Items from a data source
================================
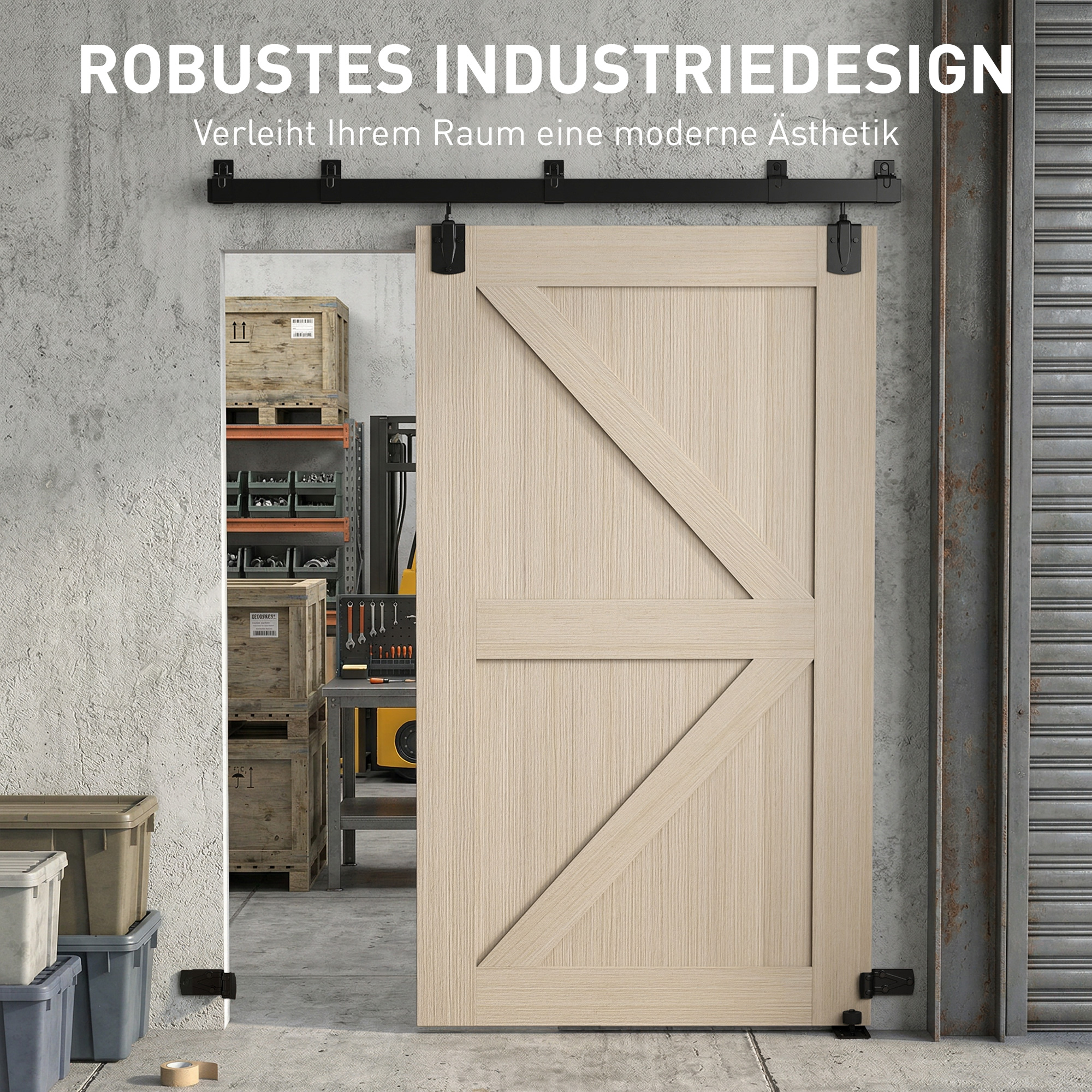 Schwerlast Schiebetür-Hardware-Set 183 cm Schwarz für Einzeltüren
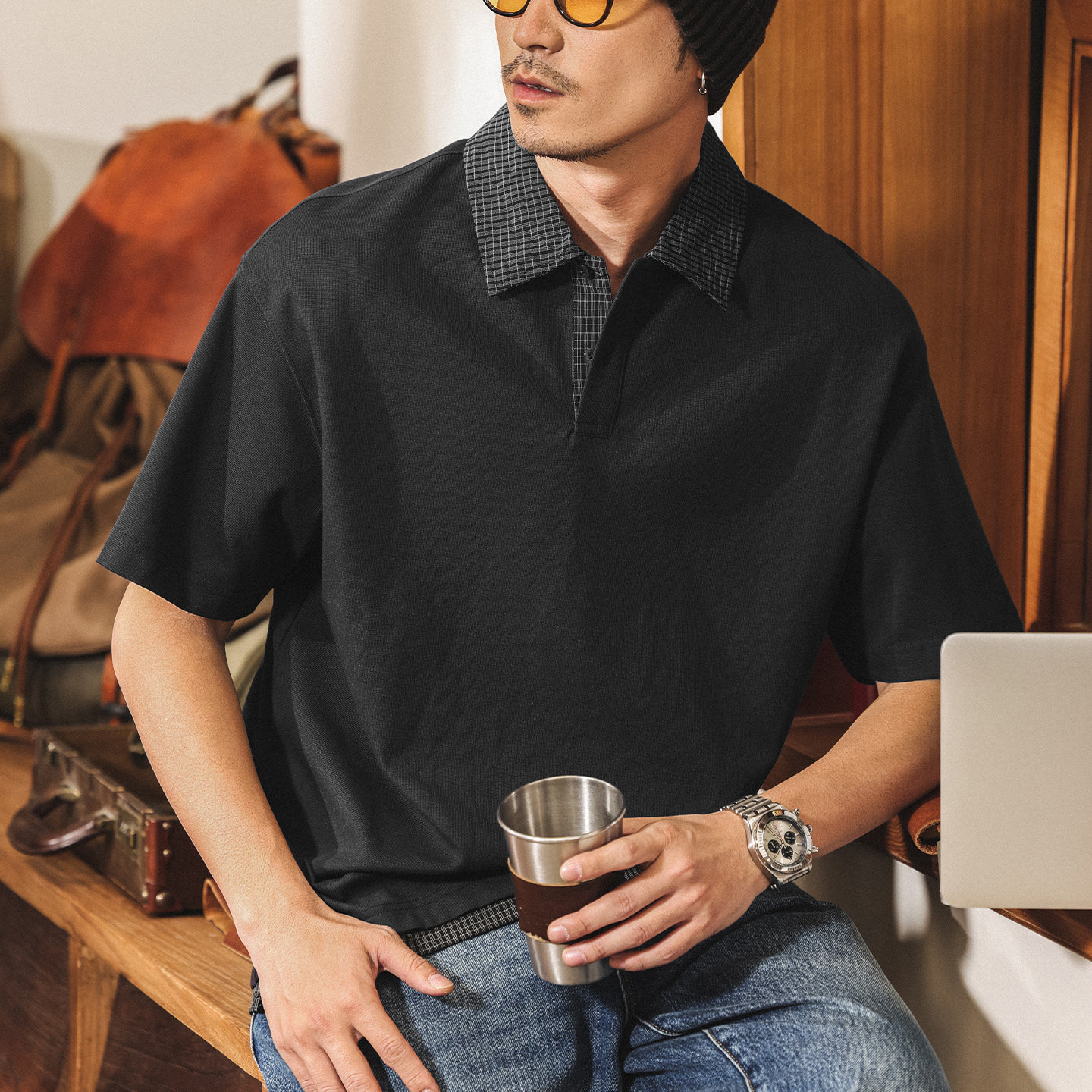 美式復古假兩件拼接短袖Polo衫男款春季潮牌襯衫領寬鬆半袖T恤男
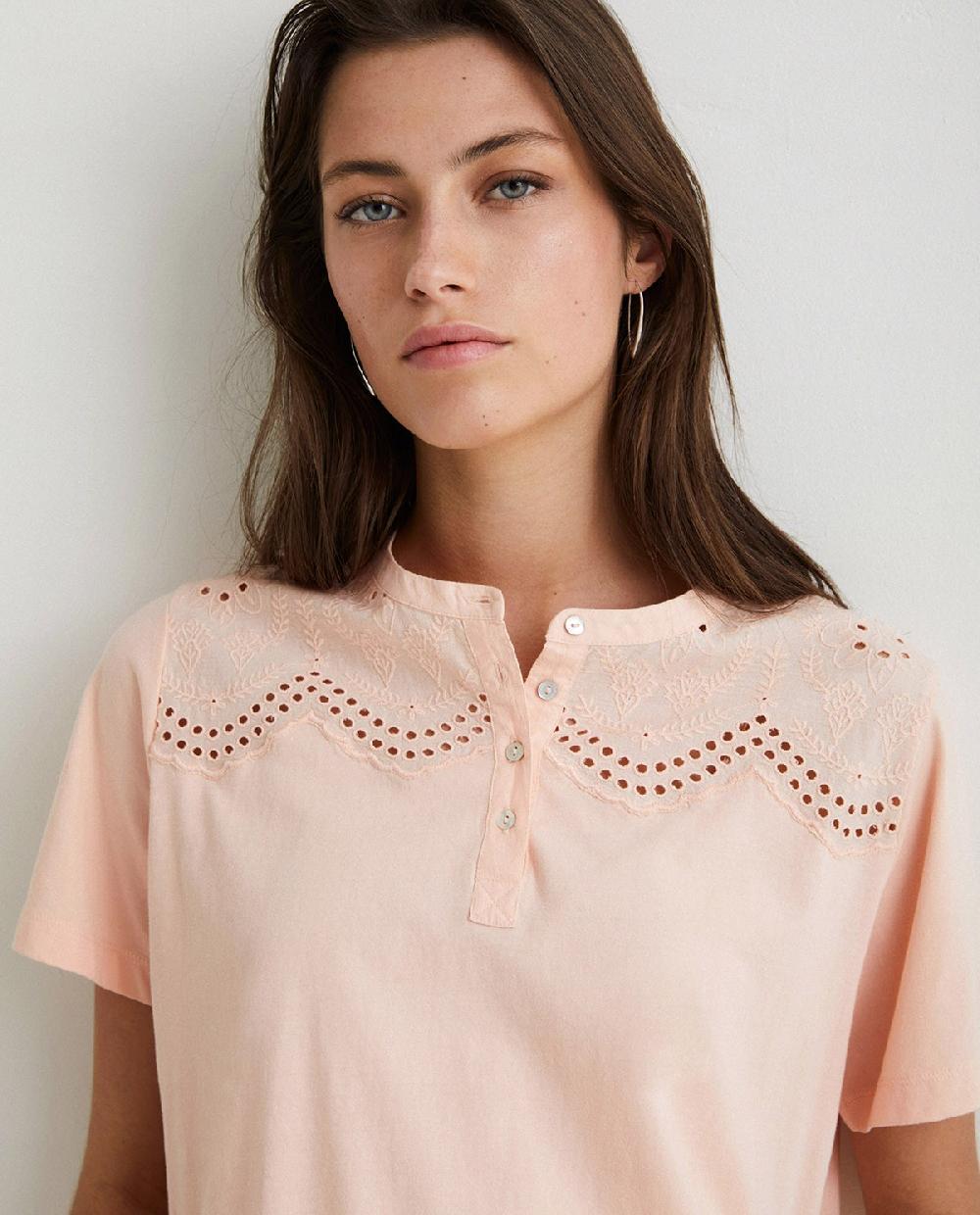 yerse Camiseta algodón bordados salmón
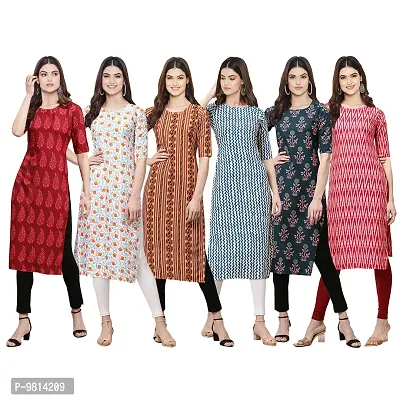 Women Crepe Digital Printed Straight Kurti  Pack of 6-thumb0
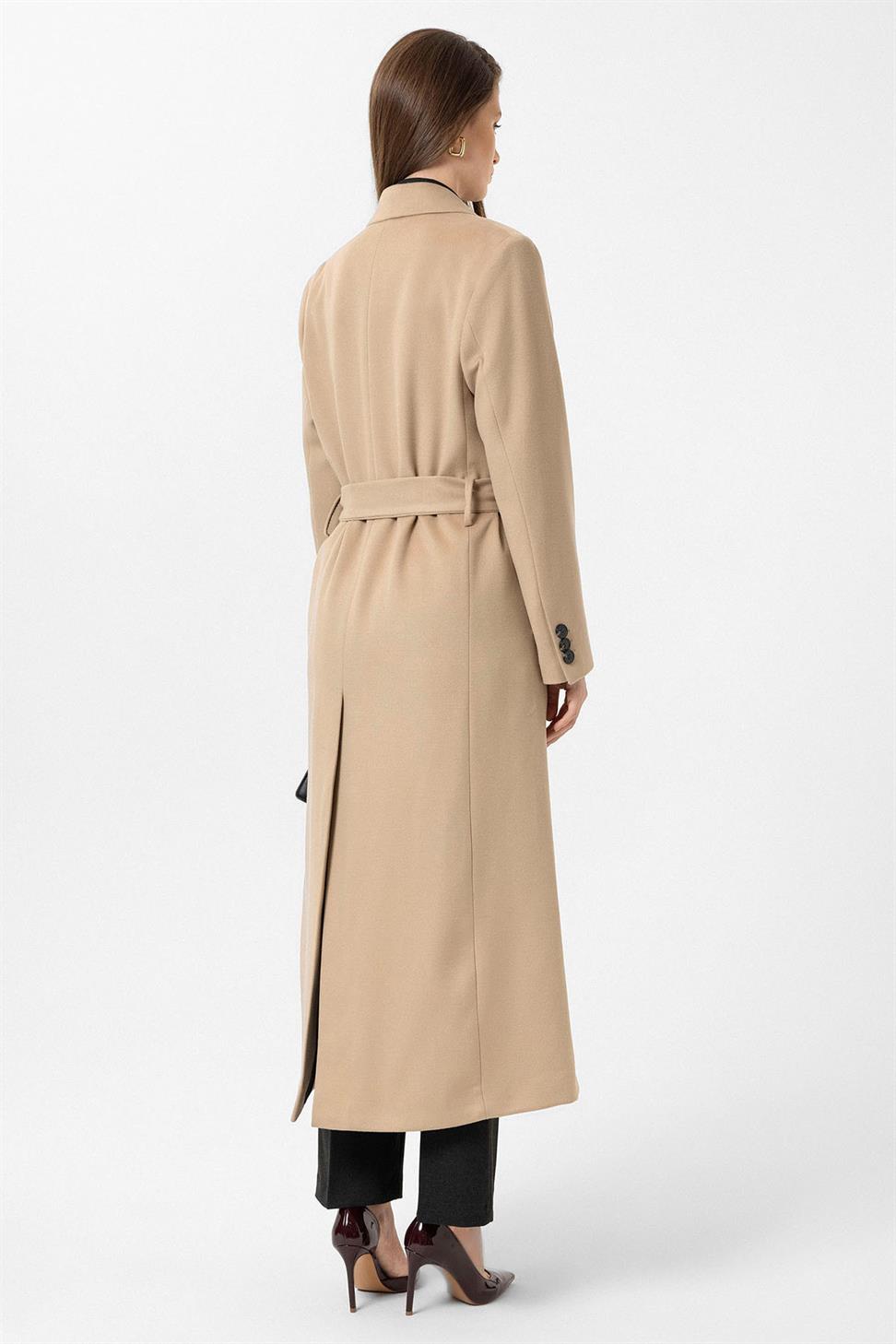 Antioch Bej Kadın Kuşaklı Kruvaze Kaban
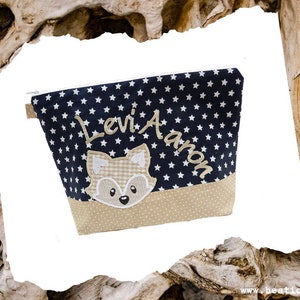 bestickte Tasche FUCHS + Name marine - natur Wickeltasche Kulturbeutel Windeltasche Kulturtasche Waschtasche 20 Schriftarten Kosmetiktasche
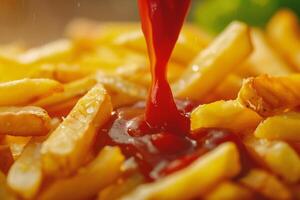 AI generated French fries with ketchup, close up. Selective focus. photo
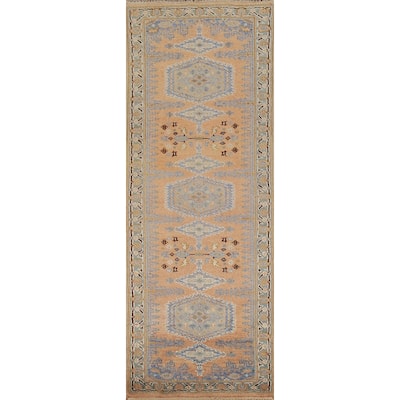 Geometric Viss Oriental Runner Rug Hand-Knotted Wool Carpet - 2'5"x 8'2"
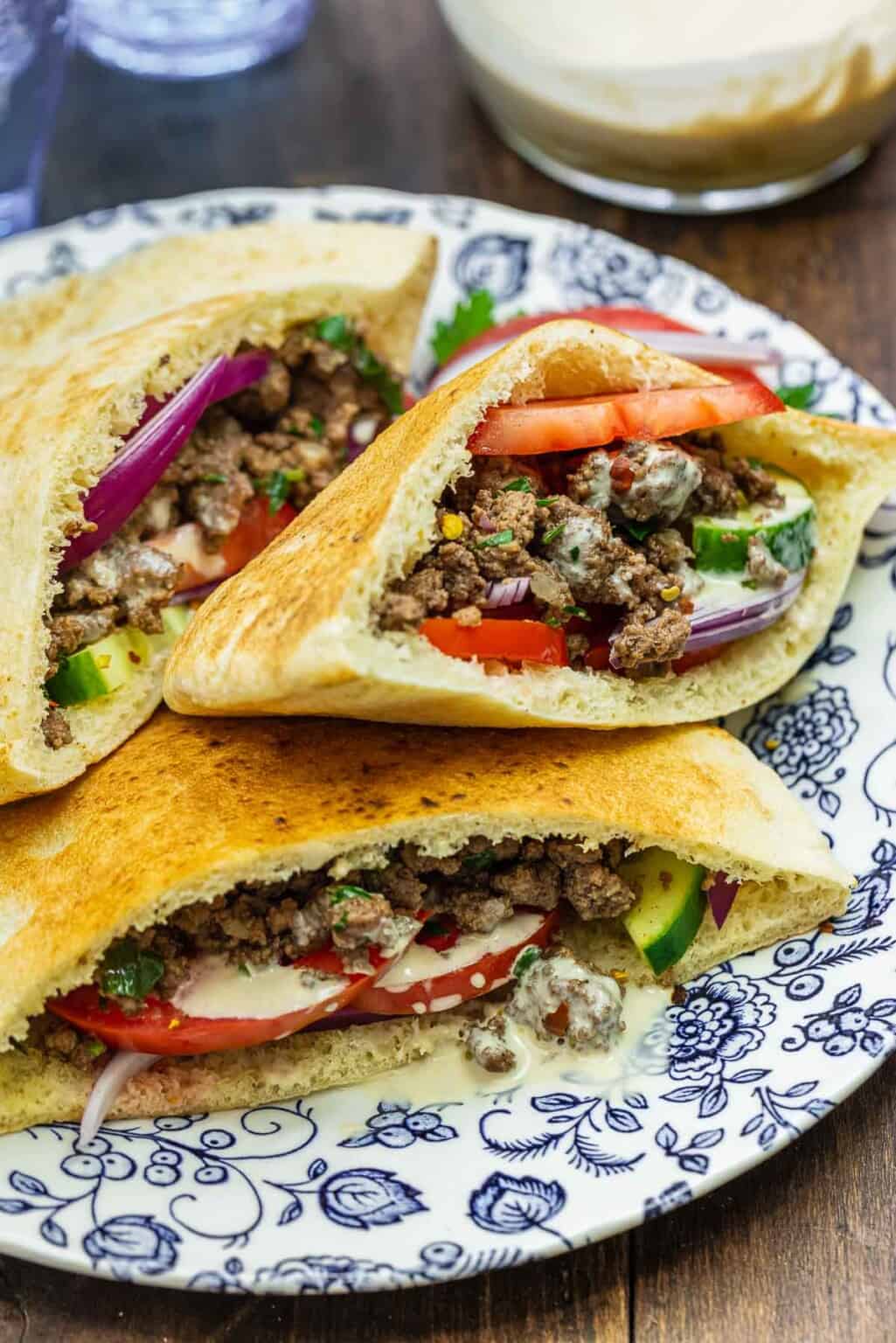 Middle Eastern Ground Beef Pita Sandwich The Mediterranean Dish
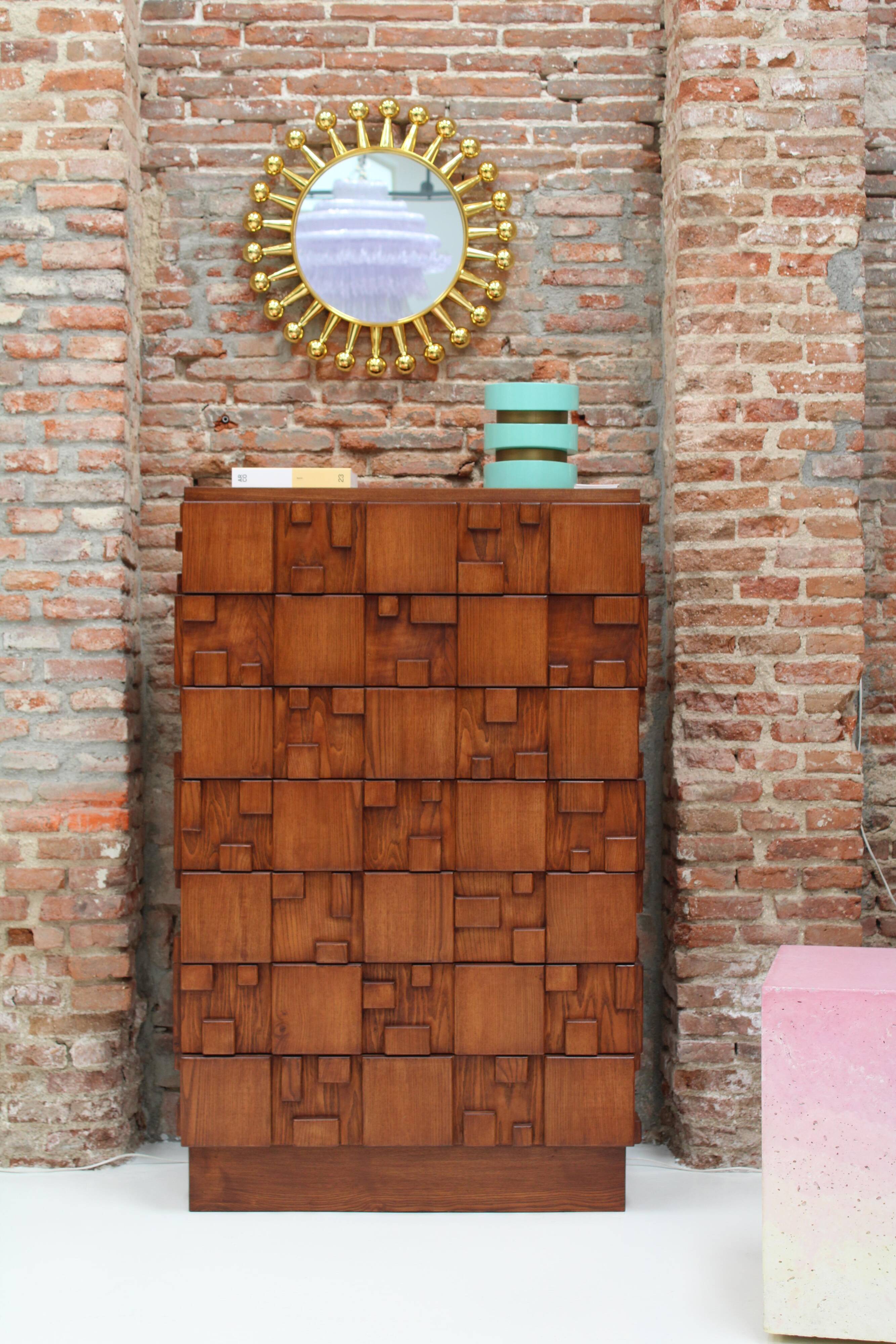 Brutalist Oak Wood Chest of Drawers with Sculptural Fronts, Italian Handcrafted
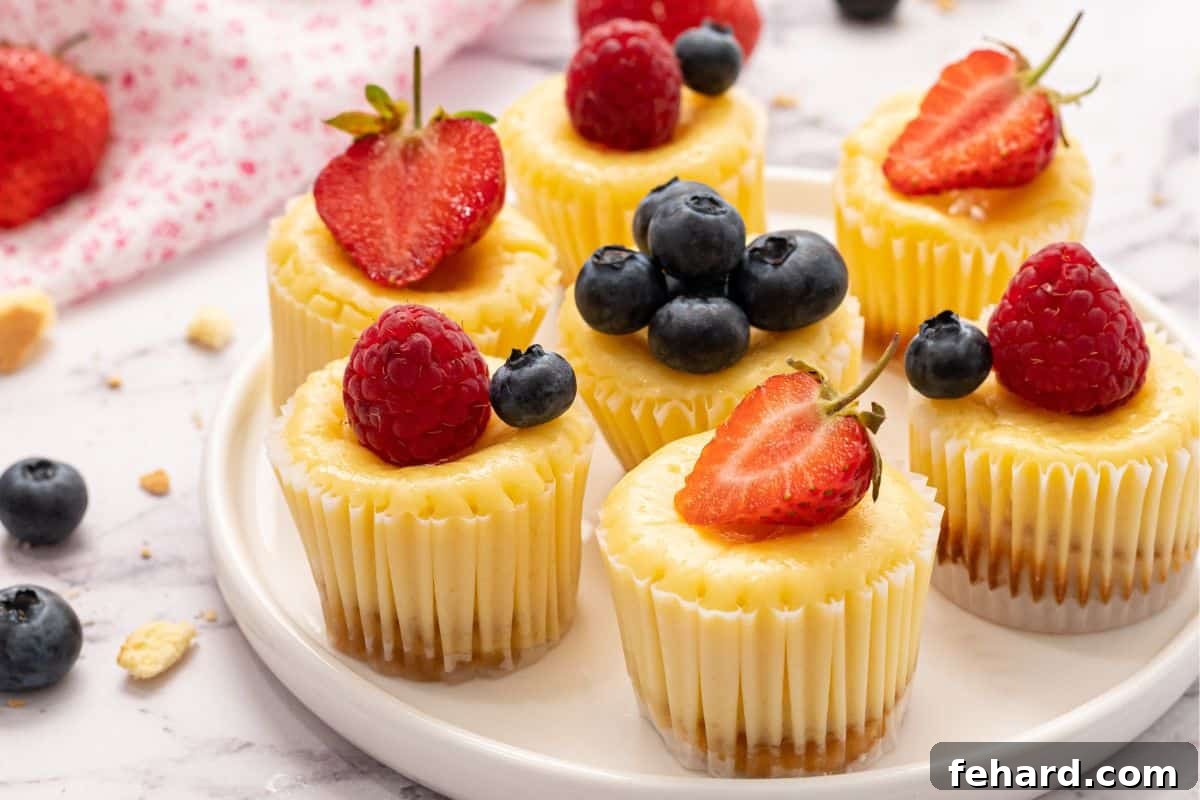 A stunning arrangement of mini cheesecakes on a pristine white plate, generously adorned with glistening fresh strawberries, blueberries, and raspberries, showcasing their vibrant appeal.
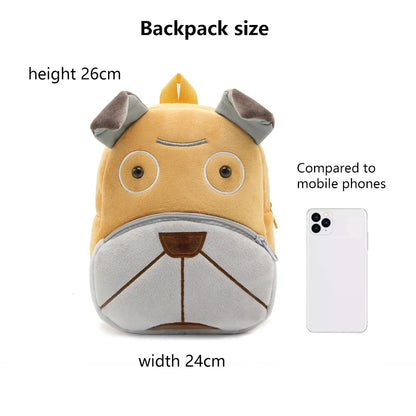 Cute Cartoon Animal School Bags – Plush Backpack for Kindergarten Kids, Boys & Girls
================================
● Work instructions: Exactly as they appear above, write out all the entries, without pictures.

● Written answer:
 Schwerlast Schiebetür-Hardware-Set 183 cm Schwarz für Einzeltüren
 美式復古假兩件拼接短袖Polo衫男款春季潮牌襯衫領寬鬆半袖T恤男
 yerse Camiseta algodón bordados salmón
 Women Crepe Digital Printed Straight Kurti  Pack of 6-thumb0
 Antioch Bej Kadın Kuşaklı Kruvaze Kaban
 bestickte Tasche FUCHS + Name marine - natur Wickeltasche Kulturbeutel Windeltasche Kulturtasche Waschtasche 20 Schriftarten Kosmetiktasche
 AI generated French fries with ketchup, close up. Selective focus. photo
 Geometric Viss Oriental Runner Rug Hand-Knotted Wool Carpet - 2'5"x 8'2"
 Middle Eastern Ground Beef Pita Sandwich The Mediterranean Dish
 Brutalist Oak Wood Chest of Drawers with Sculptural Fronts, Italian Handcrafted
 A stunning arrangement of mini cheesecakes on a pristine white plate, generously adorned with glistening fresh strawberries, blueberries, and raspberries, showcasing their vibrant appeal.
 Cute Cartoon Animal School Bags – Plush Backpack for Kindergarten Kids, Boys & Girls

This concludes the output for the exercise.